Another tradition of the Great Game is that every April pundits must offer their predictions for how the longest season will play out. Almost all have placed this Yankee team in the second tier of the American League East, with many projecting that this year the boys over in Queens will rule the Gotham rivalry.
Those predictions seem spot on this Monday afternoon. The Yankees offer but token offense, garnering just three hits off Toronto starter Drew Hutchison, a young hurler who may have a bright future but whose win today pushes his major league record exactly one game over .500 while bringing his career ERA down below 4.50.
Meanwhile on the mound for New York Masahiro Tanaka does nothing to quell concerns about his fragile right elbow. Tanaka retires the first five men he faces, three on strikeouts, but in the third inning he surrenders five runs on a walk, a throwing error by third baseman Chase Headley, and three solid hits, including a long home run to left by Edwin Encarnacion. The warm sun is still shining and the sky is still brilliant blue when the game ends, but the 6-1 Blue Jays victory casts a pall on Opening Day.
But in the longest season every game is followed quickly by another, and the two teams return to the field under very different conditions Wednesday evening. The familiar subway ride may be a harbinger of spring, but a thermometer struggling to climb above 40 reminds that it is early in both the meteorological and sporting season. To make matters worse a stiff breeze from center field turns both playing and spectating into twin acts of endurance and true loyalty. When the Blue Jays take a 3-1 lead into the late innings and Dickey’s knuckleball seems too much for Yankee batters, that loyalty is put to the test. In meeting the challenge, and being rewarded, I am reminded of another of baseball’s enduring truths.
Most of the pundits forecasting a gloomy year in the Bronx are relying, to degrees ranging from substantial to slavish, on the advanced metrics which now dominate analysis of the Great Game. No sport is more suited to complex statistical review, for numbers have always been an integral part of any discussion about a baseball player, or team, or time. And in the fullness of a 162 game season, there is far more often than not good reason to rely on the predictive ability of sabermetrics. But they still play every single one of those 162 games, and every single one remains utterly unpredictable.
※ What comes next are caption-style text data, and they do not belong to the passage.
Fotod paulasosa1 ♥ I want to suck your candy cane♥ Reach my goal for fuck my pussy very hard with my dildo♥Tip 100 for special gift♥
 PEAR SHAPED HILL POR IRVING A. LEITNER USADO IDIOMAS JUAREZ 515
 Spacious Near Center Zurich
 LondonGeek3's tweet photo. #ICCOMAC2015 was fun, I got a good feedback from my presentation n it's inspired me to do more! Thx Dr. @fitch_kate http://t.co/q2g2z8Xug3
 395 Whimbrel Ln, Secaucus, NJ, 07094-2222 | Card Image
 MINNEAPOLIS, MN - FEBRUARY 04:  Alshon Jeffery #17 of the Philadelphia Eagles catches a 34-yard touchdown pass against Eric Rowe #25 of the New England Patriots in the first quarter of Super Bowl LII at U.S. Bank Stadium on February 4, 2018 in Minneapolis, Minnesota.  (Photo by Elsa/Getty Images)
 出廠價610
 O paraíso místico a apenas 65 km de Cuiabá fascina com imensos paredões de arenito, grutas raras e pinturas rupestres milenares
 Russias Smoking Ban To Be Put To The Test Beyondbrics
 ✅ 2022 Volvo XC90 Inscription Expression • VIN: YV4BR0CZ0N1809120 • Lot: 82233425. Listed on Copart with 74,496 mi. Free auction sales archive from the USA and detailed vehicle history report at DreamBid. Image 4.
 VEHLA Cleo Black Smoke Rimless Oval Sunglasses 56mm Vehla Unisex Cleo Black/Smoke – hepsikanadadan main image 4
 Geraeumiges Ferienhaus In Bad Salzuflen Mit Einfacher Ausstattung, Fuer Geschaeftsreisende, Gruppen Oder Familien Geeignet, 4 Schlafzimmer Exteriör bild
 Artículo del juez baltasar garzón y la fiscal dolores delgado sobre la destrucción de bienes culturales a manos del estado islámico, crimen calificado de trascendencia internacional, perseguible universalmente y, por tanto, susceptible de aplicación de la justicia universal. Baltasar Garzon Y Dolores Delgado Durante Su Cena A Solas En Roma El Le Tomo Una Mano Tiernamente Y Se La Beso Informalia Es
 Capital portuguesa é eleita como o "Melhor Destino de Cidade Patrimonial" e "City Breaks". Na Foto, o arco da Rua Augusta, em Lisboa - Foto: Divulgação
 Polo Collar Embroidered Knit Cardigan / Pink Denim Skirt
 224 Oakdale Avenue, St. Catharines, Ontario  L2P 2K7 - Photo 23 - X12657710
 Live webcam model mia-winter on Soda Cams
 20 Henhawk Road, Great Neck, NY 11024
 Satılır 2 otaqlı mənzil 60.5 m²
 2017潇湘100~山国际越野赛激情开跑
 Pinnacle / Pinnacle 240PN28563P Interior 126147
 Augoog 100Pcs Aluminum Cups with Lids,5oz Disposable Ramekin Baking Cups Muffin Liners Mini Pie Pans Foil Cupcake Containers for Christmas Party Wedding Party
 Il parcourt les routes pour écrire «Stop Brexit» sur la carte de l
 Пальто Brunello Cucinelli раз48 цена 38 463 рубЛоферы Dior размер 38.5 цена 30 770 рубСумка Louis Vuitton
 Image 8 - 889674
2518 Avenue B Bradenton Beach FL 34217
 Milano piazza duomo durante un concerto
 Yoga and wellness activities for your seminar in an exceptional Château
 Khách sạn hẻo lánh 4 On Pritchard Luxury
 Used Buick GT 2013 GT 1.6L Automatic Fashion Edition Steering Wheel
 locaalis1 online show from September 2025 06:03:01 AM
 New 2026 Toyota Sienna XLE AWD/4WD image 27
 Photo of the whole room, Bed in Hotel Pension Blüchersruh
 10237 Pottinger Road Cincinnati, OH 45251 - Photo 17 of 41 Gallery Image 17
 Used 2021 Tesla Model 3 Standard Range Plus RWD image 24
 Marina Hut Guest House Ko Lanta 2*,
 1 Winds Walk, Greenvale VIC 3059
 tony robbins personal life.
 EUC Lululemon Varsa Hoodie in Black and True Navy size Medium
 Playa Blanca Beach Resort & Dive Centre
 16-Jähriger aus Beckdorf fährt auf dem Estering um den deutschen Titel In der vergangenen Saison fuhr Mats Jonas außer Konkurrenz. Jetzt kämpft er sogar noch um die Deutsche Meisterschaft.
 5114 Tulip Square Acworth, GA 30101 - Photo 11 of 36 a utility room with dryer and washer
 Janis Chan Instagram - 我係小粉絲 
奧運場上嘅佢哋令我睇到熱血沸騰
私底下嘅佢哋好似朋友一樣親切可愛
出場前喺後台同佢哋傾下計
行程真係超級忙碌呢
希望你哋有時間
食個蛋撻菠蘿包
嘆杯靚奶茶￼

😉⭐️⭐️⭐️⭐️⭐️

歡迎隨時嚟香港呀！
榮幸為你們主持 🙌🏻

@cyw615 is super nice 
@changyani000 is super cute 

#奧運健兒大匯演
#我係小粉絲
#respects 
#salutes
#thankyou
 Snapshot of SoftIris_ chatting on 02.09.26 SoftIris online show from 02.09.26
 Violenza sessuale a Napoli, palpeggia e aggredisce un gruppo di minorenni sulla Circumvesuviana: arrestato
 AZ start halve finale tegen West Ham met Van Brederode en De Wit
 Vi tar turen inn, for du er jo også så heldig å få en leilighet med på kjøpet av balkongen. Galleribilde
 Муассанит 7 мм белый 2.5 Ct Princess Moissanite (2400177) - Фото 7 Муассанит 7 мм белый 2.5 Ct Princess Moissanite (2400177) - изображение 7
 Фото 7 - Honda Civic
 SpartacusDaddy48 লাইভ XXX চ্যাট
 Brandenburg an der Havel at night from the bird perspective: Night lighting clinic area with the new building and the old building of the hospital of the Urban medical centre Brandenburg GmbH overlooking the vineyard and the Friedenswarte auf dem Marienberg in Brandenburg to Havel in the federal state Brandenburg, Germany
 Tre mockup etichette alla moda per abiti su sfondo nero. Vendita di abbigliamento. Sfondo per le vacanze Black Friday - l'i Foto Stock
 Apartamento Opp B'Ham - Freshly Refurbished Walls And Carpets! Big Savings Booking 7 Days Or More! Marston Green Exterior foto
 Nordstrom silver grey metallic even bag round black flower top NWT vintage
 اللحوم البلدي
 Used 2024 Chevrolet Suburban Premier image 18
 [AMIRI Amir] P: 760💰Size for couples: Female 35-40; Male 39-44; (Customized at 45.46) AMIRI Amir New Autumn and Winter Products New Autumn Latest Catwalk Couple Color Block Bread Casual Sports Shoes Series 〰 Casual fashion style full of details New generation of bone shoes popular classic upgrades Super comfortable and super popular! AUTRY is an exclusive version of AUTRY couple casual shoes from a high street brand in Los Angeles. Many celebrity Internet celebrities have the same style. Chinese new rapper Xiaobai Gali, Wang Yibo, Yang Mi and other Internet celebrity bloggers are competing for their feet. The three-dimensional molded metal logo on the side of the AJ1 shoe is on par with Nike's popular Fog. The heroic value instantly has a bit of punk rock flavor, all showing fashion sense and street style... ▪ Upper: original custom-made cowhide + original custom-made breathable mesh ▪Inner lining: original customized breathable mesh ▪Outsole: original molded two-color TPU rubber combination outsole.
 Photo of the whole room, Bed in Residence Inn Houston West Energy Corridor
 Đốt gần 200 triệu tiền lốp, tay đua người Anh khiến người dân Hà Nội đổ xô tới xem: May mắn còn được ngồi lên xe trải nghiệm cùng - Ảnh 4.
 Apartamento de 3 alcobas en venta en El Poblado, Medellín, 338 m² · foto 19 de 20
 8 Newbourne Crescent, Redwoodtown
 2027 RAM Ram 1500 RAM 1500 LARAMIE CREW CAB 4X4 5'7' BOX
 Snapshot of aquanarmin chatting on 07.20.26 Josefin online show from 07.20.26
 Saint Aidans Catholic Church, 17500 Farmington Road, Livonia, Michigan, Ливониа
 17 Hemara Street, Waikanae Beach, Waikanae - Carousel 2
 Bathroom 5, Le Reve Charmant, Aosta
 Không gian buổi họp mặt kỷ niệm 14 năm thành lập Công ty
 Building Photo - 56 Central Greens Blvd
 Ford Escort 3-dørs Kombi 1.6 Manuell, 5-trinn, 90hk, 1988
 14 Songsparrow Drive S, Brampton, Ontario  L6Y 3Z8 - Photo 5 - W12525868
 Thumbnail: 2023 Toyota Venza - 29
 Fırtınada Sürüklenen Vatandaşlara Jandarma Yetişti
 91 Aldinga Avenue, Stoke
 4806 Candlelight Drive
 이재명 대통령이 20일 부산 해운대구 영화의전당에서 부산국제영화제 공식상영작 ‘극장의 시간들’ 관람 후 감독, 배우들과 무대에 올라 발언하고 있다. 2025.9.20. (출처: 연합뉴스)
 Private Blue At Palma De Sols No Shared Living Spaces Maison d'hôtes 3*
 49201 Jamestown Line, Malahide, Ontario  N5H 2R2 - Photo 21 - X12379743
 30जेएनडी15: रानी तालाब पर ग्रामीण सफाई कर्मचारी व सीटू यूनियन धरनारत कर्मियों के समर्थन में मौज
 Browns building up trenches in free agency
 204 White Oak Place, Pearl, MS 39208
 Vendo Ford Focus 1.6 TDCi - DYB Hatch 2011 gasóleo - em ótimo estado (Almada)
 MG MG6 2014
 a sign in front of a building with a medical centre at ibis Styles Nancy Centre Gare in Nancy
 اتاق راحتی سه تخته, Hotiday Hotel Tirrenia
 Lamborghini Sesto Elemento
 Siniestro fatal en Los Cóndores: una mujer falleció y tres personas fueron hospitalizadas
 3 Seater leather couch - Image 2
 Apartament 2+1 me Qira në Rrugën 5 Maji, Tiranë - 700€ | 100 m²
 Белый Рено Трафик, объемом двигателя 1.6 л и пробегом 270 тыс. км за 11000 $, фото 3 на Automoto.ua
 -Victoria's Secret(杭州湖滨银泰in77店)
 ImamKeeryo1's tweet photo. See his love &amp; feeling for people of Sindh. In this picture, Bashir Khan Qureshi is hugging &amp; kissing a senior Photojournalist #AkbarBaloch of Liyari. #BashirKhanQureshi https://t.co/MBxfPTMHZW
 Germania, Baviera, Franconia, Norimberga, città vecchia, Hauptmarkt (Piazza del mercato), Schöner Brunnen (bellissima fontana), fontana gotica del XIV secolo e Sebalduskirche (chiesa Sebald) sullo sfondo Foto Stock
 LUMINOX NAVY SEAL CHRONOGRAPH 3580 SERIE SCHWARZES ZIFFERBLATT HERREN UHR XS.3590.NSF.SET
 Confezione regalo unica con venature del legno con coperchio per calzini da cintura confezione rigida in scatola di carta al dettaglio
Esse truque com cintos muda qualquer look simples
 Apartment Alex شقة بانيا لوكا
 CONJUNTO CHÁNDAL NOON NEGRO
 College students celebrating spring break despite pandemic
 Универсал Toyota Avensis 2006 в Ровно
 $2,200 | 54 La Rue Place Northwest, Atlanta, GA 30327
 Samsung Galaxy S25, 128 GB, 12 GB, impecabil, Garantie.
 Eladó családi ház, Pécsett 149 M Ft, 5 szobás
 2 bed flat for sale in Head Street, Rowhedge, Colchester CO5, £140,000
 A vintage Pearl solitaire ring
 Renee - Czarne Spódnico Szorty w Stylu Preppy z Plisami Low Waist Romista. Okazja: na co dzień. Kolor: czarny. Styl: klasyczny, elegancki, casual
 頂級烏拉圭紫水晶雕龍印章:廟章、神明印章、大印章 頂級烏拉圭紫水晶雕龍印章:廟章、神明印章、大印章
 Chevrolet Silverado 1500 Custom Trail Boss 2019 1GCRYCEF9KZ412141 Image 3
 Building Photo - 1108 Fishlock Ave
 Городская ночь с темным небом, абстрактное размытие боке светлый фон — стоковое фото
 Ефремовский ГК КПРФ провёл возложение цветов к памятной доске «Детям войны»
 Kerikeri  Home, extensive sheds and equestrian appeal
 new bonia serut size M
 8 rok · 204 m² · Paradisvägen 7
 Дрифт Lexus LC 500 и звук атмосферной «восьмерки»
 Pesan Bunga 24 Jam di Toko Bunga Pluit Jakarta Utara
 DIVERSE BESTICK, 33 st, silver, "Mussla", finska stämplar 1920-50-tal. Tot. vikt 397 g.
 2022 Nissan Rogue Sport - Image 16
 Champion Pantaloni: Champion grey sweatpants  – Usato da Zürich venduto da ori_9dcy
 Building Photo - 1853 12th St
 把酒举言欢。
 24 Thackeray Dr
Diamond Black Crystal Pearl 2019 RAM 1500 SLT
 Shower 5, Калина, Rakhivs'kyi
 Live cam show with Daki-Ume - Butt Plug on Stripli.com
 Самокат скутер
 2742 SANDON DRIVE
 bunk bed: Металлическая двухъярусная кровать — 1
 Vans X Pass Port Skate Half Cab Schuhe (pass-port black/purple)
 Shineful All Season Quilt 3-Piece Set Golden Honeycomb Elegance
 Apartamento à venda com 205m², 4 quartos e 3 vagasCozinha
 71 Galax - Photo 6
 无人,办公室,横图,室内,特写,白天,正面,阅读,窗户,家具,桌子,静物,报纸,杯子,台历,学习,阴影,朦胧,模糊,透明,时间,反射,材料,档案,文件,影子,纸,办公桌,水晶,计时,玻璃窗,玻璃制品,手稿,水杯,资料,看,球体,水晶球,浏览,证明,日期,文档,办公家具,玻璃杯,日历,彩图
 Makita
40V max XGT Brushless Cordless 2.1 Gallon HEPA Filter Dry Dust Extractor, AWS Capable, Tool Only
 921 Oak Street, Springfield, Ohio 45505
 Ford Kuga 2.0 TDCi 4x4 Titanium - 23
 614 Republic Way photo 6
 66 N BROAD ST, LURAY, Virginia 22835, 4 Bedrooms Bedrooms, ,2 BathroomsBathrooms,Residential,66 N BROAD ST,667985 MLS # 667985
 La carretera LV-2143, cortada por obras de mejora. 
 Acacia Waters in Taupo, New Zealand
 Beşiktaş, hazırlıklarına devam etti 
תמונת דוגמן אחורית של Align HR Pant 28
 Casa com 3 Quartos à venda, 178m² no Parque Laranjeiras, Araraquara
Down to their final six outs on a frosty April night, the Yankees produce the following sequence against Toronto’s bullpen. Pinch hitter Chris Young lofts a soft popup down the right field line that just eludes three Blue Jays chasing it. Young trots into second with a double. Jacoby Ellsbury raps a sharp single to center, advancing Young to third with what will be the only hard hit of the inning. Brett Gardner is hit by a pitch, loading the bases. A wild pitch from reliever Brett Cecil sends Young home. After a strikeout by Carlos Beltran, Mark Teixeira is intentionally walked to again load the bases. Brian McCann becomes the second Yankee of the inning to be hit by a pitch, forcing home Ellsbury to knot the game at 3-3. Chase Headley hits a one-hopper back to the mound, which glances off the pitcher’s arm and into the gap between short and third. As the ball rolls into left field for a single Gardner races home, giving the Yankees their first lead and soon their first win of 2015.
Come October, the pundits and all of the advanced metrics will likely have the last laugh, with baseball winter again coming early to the Bronx. But between now and then, one frosty night in April won’t be the only time nor will the Stadium be the only place fans are reminded that at the core of the Great Game’s enduring appeal is that for all its constancy and tradition every contest is still unique.